Nigeria is among the 35 Hybrid regimes globally, 13 of which are in Sub-Saharan Africa. Hybrid regimes are described as:
… a mixed type of political regime that is often created as a result of an incomplete transition from an authoritarian regime to a democratic one. Hybrid regimes combine autocratic features with democratic ones and can simultaneously hold political repressions and regular elections…
Also, according to the Economist Intelligence Unit:
Hybrid regimes are nations with regular electoral frauds, preventing them from being fair and free democracies.
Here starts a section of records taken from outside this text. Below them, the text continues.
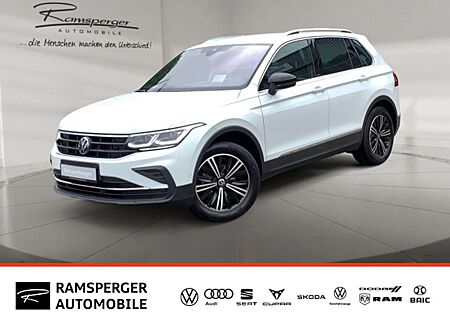 VW Tiguan Volkswagen 2.0 TDI DSG Move AHK ACC Matrix Navi Kame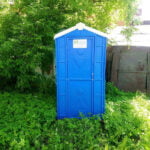 Туалетная кабина Дачник Универсал 028-1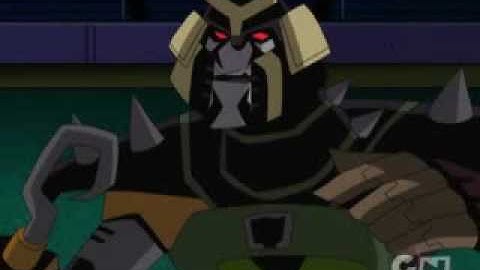 Transformers Animated five servos of doom part 3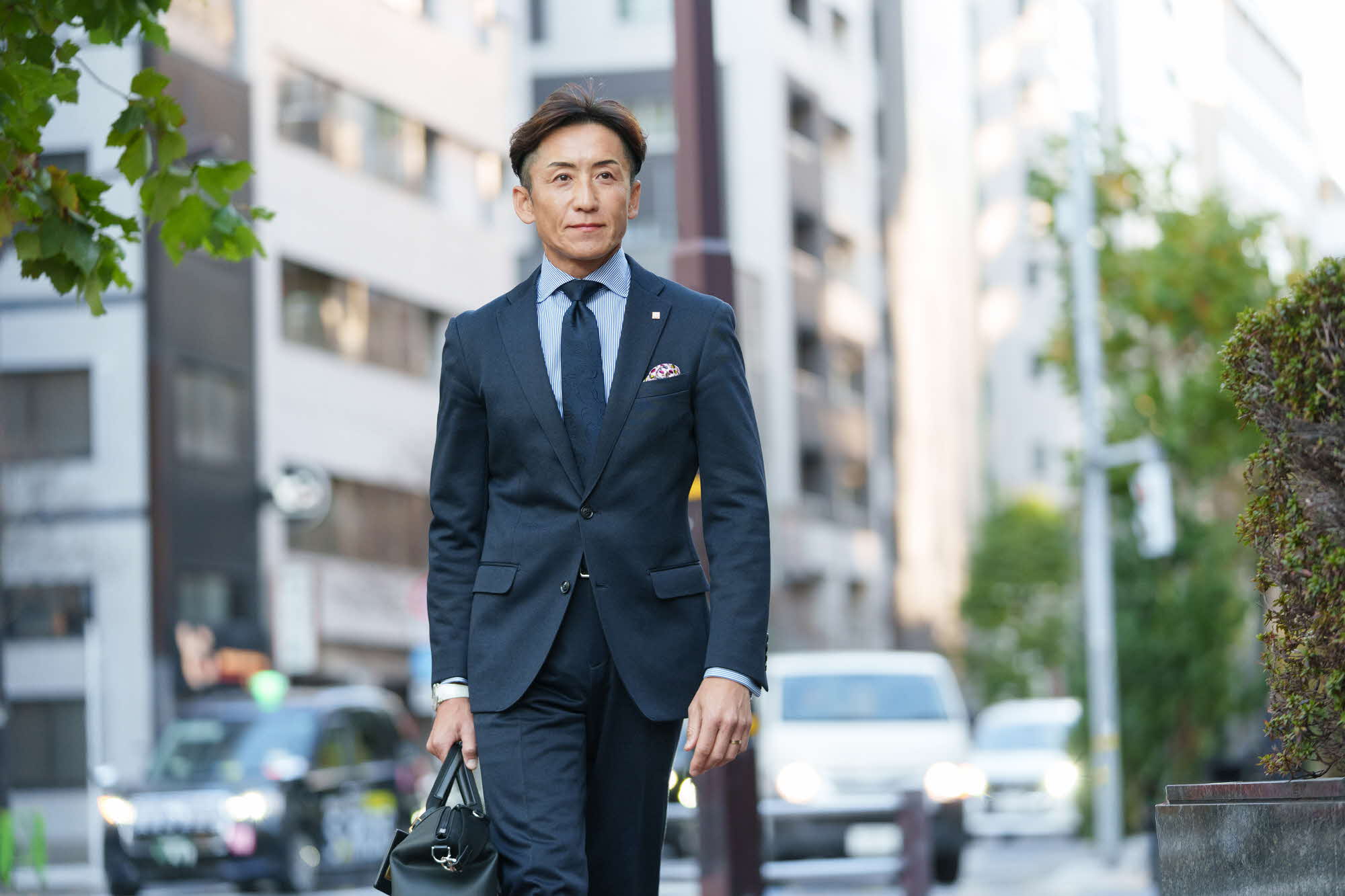 プライベートも仕事も200％。仕事が好きなら一層幸せ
These nations commonly have governments that apply pressure on political opposition, nonindependent judiciaries, wide-spread corruption, harassment and pressure placed on the media, anaemic rule of law, and more pronounced faults than flawed democracies in the realms of underdeveloped political culture, low levels of participation in politics, and issues in the functioning of governance (2020).
Basic Tenets and principles of Representative, Liberal, Democracy
As Diamond (2004) has aptly stated, Liberal (representative) democracy must include four key elements:
“A political system for choosing and replacing the government through free and fair elections
The active participation of people, as citizens in politics and civic life
Protection of human rights of all citizens
A rule of law in which the laws and procedures apply equally to all citizens.”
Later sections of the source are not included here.